Chasing Perfect
In the US, there's a standard reply given to children who protest parental prohibitions by whining, "But everybody's [going, doing it, being there, having some]":
"If everybody jumped off a cliff, would you?"
Now, I don't know if there are equivalent expressions in the other English-speaking countries whose citizens virtually cohabitate here. I don't know if parents in England even tell their children 'no' anymore. Nonetheless, it's a common concept that the number of people doing something has no real effect on its correctness. If you believe otherwise, I direct you to Germany, 1938. QED.
"So what?" you may ask and well you may. "What" is the fact that there are a definite few irritations that interfere with allowing the FT experience to reach the pristine level of trivial ecstasy it has such potential to be.
What?
As with a small rock in my shoe, I am irritated by the occasion, every so often, of taking a quiz that happens to overlap the turn of the hour. Thus, when the Submit button is hit, there is no record of me ever having taken that quiz!
As well, even though I see the green dot in the radio button, I am told that I did not answer certain questions.
And finally, in the Global quizzes and Hourly games, there are occasionally questions pulled from quizzes constructed in a manner that depends on an initial set of concepts or instructions. Within the realm of the quiz itself as published, the questions will make perfect sense. But, culled and placed in the hodge-podge of the Global & Hourly games, they lay naked and writhing in their irrelevance to anything around them, making their answer nearly impossible if a timely score is desired.
When I have raised the question of these discrepancies, the answer has come back that "everybody suffers the same handicaps." As if putting a tack on everybody's chair would make the universal discomfort easier for each butt to absorb.
There is no logic in this.
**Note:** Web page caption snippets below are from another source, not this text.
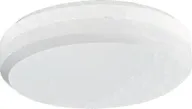 Светильник C360/132 круглый под КЛЛ опаловый 1х32Вт IP 54 1131000040 Световые Технологии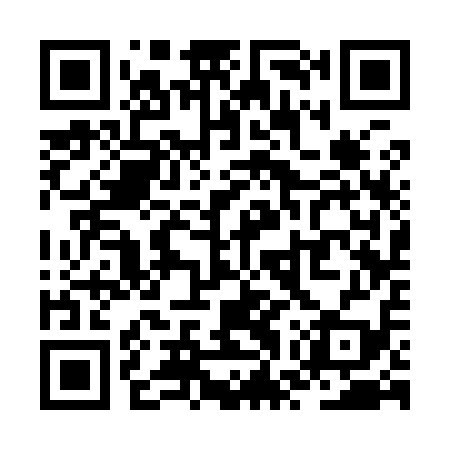 QR code for ZWS919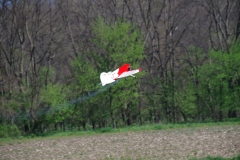 IMGP4087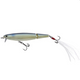  Matte Blueback Shad
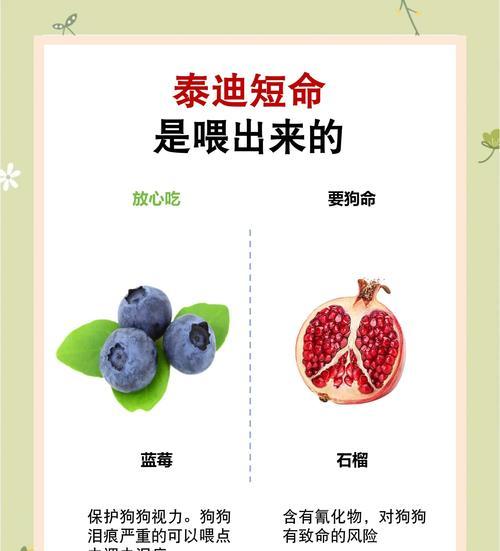 泰迪狗狗吃葡萄的健康风险与应急处理 泰迪狗狗吃葡萄的健康风险与应急处理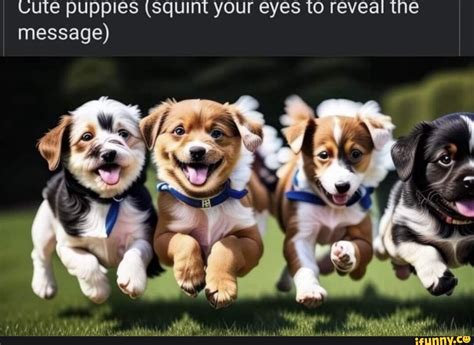 Cute puppies (squint your eyes to reveal the message) - iFunny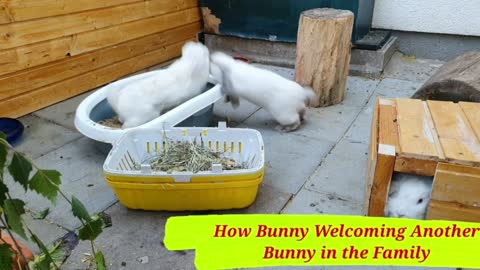 Bunny fight who the Boss is ● Bunny Bonding ● Rabbit fight for the Throne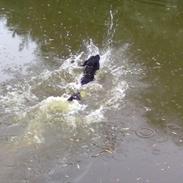 Labrador retriever Bossi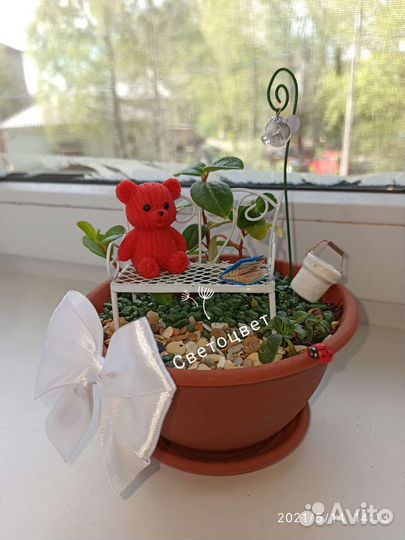 Флорариум, цветочные композиции, подарки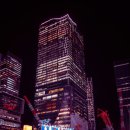 행운냥이 이미지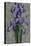 Purple Iris-John Seba-Stretched Canvas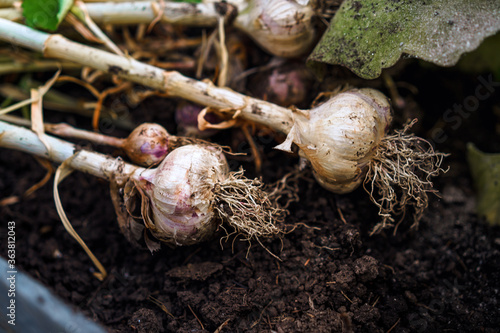 Garlic is lying on the ground in the garden, a freshly dug vegetable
I wonder if it would be posssible to alter the code so that:
A) A quiz begun before the turn of the hour would be finished, even if not visibly scored and/or ranked.
B) A more definitive marker could be worked to ensure the recognition of answered questions, and
C) Quizzes that are constructed in a conjugal or cascading fashion could have their questions somehow tagged so that they would not ever be pulled and placed into an out-of-context combination game.
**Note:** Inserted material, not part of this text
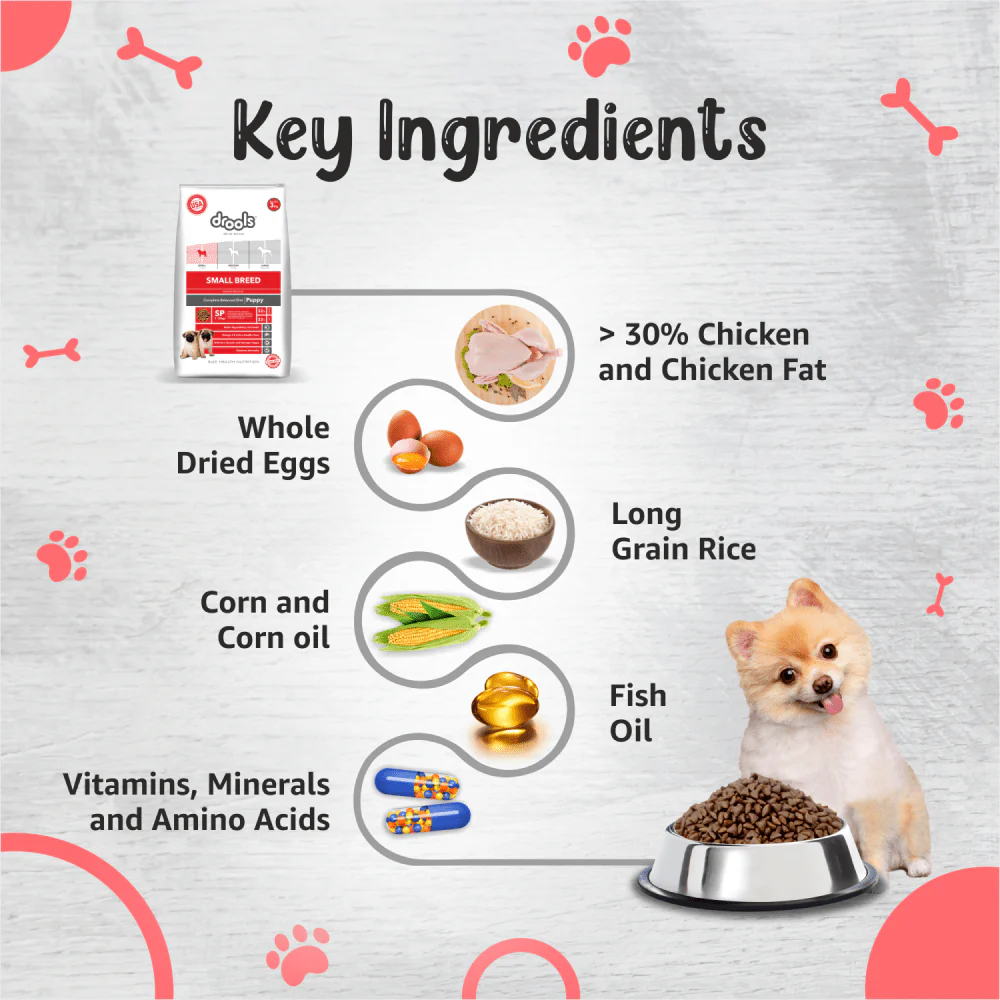 Drools Premium Small Breed Puppy Dog Dry Food - Image 4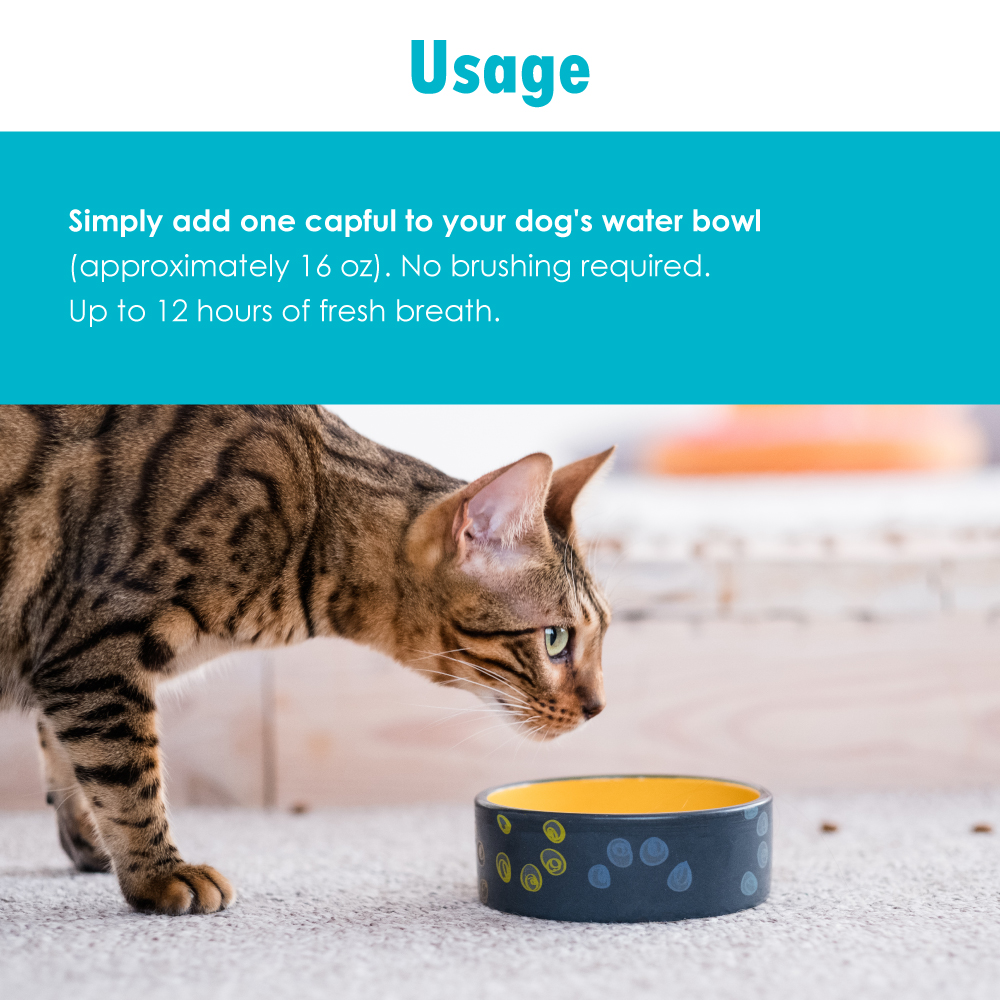 OraClens Dental Rinse for Dogs and Cats 8 oz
Perhaps not. Such improvements may involve too much work and detail to be justified. They may be pert' near imposssible. Regardless, they stand in the way of FT being perfect.
But I won't stop just because there's a rock in my shoe every so often. Even if it does feel like Gibraltar once in a while.

4 Comments:
The questions with no references were made before use in timed quizzes, and can all be fixed by sending a correction notice.
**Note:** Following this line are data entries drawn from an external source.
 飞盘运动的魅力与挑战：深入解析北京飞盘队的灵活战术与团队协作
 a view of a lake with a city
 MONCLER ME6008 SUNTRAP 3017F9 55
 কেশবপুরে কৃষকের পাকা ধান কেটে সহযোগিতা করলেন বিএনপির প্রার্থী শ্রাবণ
The 'missing answers' is a glitch and thank goodness pretty rare.
The timed quizzes on the hour are normally due to arriving home just in time or almost forgetting, as you must take a quiz at least 2 minutes before the hour to register. If not then it's inevitable to crash.
So, dodgy questions can all be fixed with corrections (which go to the editor as well so will be done), missed answers should be too rare to matter and would affect everyone equally, and the hourly quizzes would need a program tweak that may not be possible to allow them to be taken on the cusp.
Either way all three should happen so rarely but just tend to stand out. It happened to me twice today so you are certainly not alone.
By satguru, Feb 29 08 8:42 PM
By corquando, Mar 02 08 2:22 PM
As I suspected. Since misery loves company, I'll just be better with my time management and more aggressive with my clicking.
By corquando, Mar 02 08 2:23 PM
Ditto to satguru & corquando. I've gotten into the habit of always keeping my computer time a minute or 2 faster than the FT timer to insure I don't get caught "on the cusp". It's especially frustrating to get the old "time has expired" message yet the quiz STILL says there is 1 minute left.